Would you please restate the data exactly as it stands, apart from the pictures?

◇ ◇ ◇ ◇ ◇

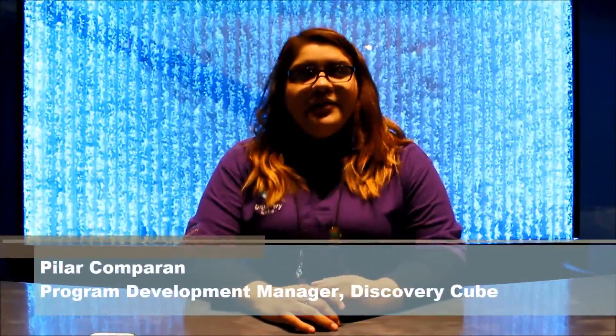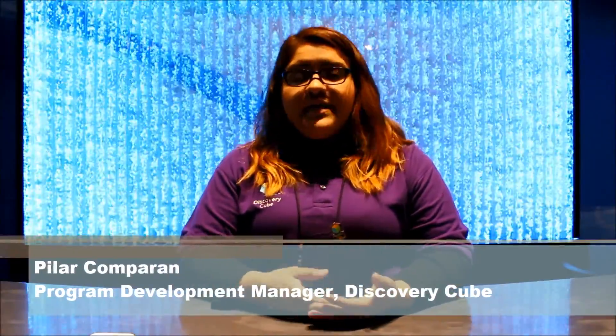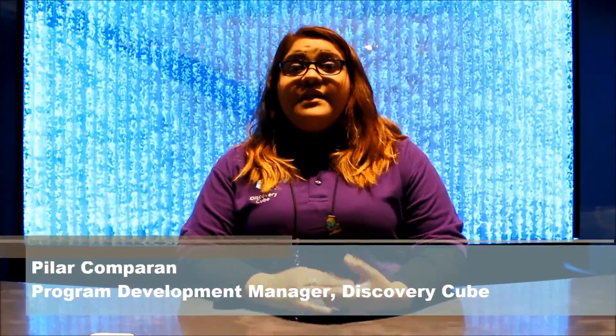3D printing fits perfectly into our Inventors Week program. The reason why is we welcome a lot of makers, local organizations, companies, or individuals that work with 3D printing materials and printers.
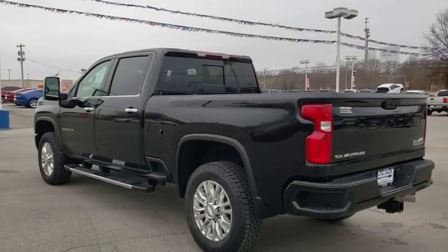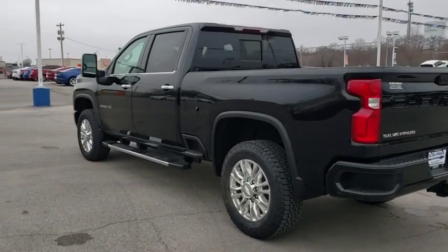Take this vehicle for a spin and see why so many shoppers are now proud owners.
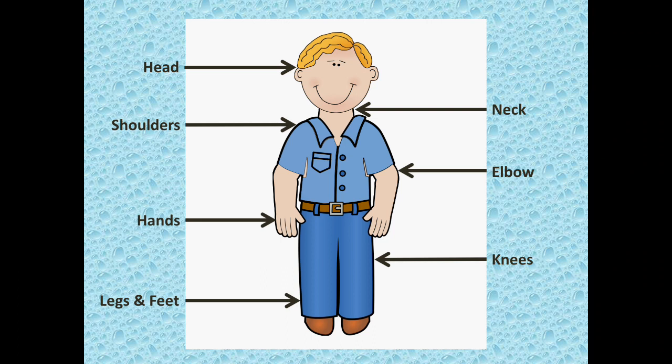Elbows — we have two elbows. Elbows help us in bending our arms. Hands — hands help us to eat, write, and hold things like toys, pencil box, books, clothes, etc.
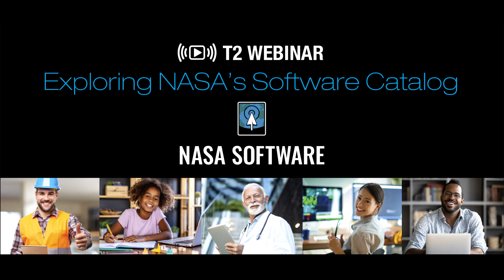Hello everyone, and thank you for joining us today. My name is Anne Harkey, and I will be your host for this NASA Technology Transfer Program webinar on our latest NASA Software Catalog.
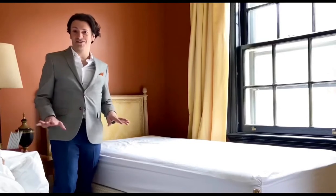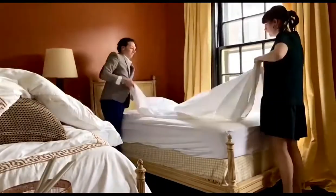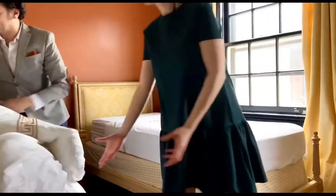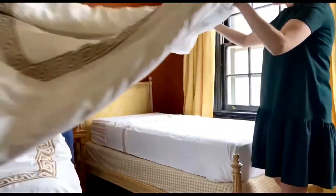Styling a bed is one of my favorite things to do. I start, of course, with a top sheet. We normally do hospital corners, so tuck it all in really tight. I love doing the duvet folded in thirds at the foot of the bed, and I find that that's the best way to make a bed.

◇ ◇ ◇ ◇ ◇

--- TASK RESPONSE ---
3D printing fits perfectly into our Inventors Week program. The reason why is we welcome a lot of makers, local organizations, companies, or individuals that work with 3D printing materials and printers.
Take this vehicle for a spin and see why so many shoppers are now proud owners.
Elbows — we have two elbows. Elbows help us in bending our arms. Hands — hands help us to eat, write, and hold things like toys, pencil box, books, clothes, etc.
Hello everyone, and thank you for joining us today. My name is Anne Harkey, and I will be your host for this NASA Technology Transfer Program webinar on our latest NASA Software Catalog.
Styling a bed is one of my favorite things to do. I start, of course, with a top sheet. We normally do hospital corners, so tuck it all in really tight. I love doing the duvet folded in thirds at the foot of the bed, and I find that that's the best way to make a bed.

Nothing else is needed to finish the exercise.